Headquartered in Eugene, Ore., SnoTemp Cold Storage is a family-owned warehousing and distribution company with more than 15 million cubic feet of climate-controlled space under management. Following a series of energy efficiency upgrades, the company’s warehouses now consume 5 million fewer kilowatt hours (kWh) of electricity annually.
Lighting improvements (Digital Lumens, digitallumens.com) were a major contributor to the savings, according to Jason Lafferty, vice president and general manager for SnoTemp. Lafferty says work teams love it for the natural quality of light, even in areas of the facility that had previously been very hard to illuminate. Maintenance teams can also modify lighting behaviors without touching a fixture and currently handle fewer disruptive maintenance tasks.
“And management likes it for its ability to collect, analyze and document facility-wide energy use, occupancy patterns and savings down to the individual fixture level,” Lafferty says. “The lighting deployment was a significant win for our organization.”
The intelligent LED lighting system connects the Eugene and Albany facilities, comprised of one new-build and two retrofit installations. The company can now save in excess of 1 million kWh annually in lighting-related energy usage and has reduced heat-related energy loads on refrigeration systems by more than 500,000 kWh annually. By eliminating re-lamping and re-ballasting events, SnoTemp has also saved more than $12,000 in annual maintenance costs.
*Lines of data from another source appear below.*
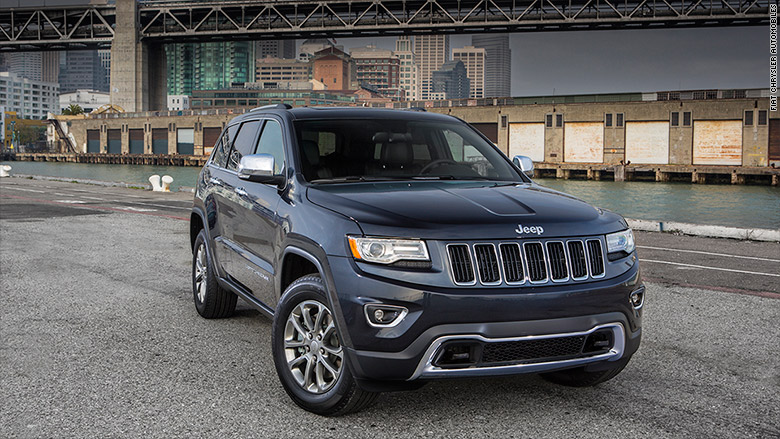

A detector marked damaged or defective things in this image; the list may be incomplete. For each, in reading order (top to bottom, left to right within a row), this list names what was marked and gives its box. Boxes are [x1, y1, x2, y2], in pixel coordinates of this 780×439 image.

rusted metal wall [508, 123, 544, 162]
rusted metal wall [568, 122, 604, 163]
rusted metal wall [620, 121, 672, 164]
rusted metal wall [696, 120, 744, 167]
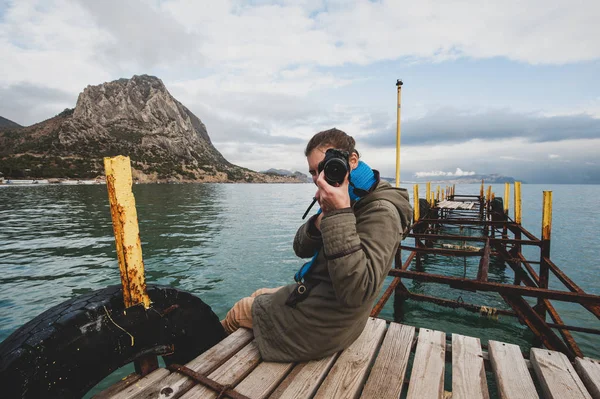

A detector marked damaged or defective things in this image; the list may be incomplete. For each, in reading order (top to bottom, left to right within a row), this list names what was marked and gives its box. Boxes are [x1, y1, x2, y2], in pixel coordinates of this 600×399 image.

rusty metal post [103, 158, 156, 376]
rusted metal beam [386, 270, 600, 308]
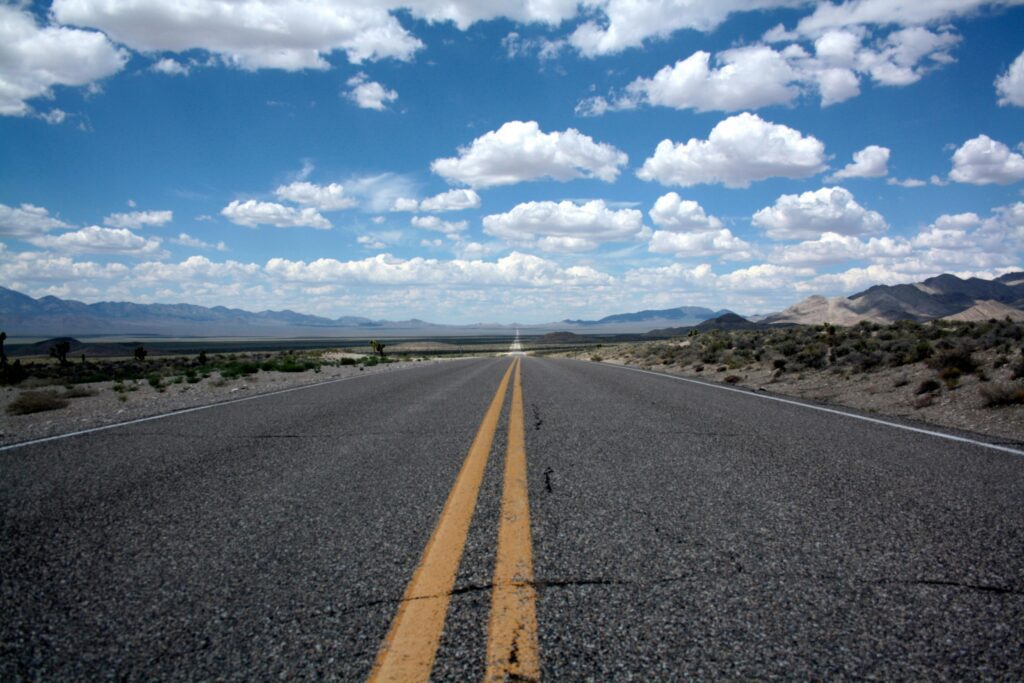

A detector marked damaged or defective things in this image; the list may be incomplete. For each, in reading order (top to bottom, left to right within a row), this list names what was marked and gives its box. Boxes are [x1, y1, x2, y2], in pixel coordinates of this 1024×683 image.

cracked asphalt [2, 356, 1024, 679]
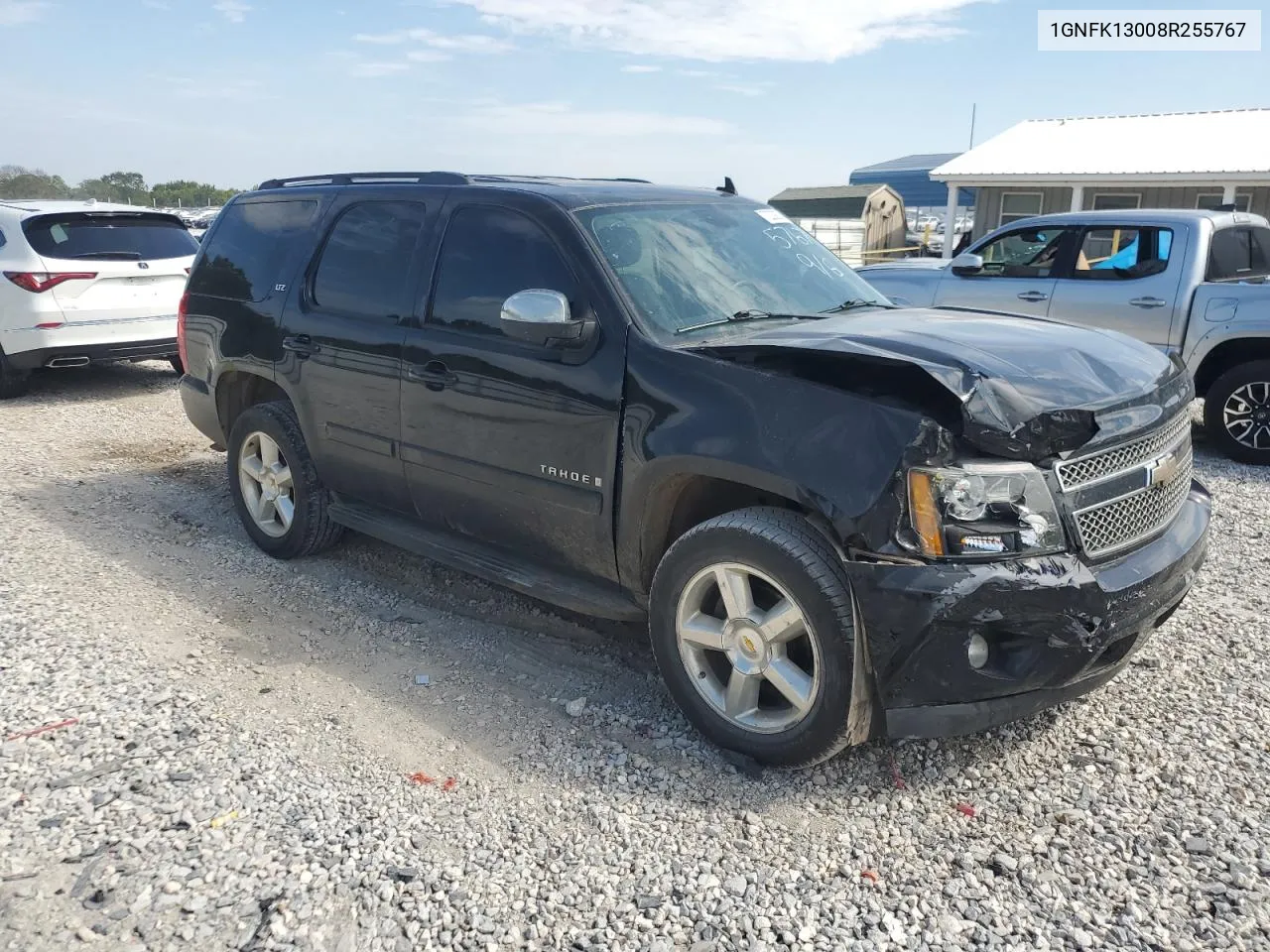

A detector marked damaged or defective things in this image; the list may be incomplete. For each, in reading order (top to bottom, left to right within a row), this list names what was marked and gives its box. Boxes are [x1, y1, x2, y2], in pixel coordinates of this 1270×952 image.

crumpled hood [696, 306, 1189, 459]
damaged front end [696, 309, 1208, 741]
broken headlight lens [909, 461, 1067, 558]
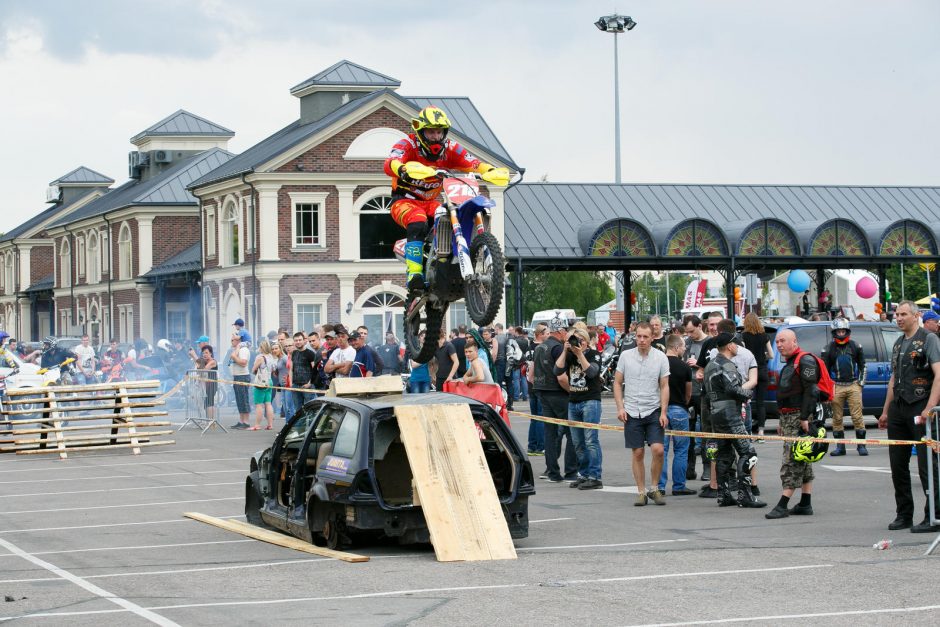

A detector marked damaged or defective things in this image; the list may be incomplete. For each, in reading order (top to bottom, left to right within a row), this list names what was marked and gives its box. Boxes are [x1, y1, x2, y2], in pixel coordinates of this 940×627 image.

wrecked car [244, 392, 536, 548]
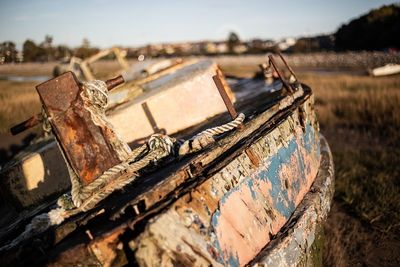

With wide-open center aisles and stacked bulk storage spaces along the perimeter—sometimes 60 feet away from the center line—maintaining appropriate light levels was difficult. With traditional HID, HIF or HPS lighting, illuminating the vertical stacks forced management to significantly over-light surrounding spaces. The new lights enable the rotation of light bars within each fixture to direct lighting to critical work surfaces. Lights can also turn off or dim when no one is present and automatically inform a meter technician if a fault results in abnormal energy use.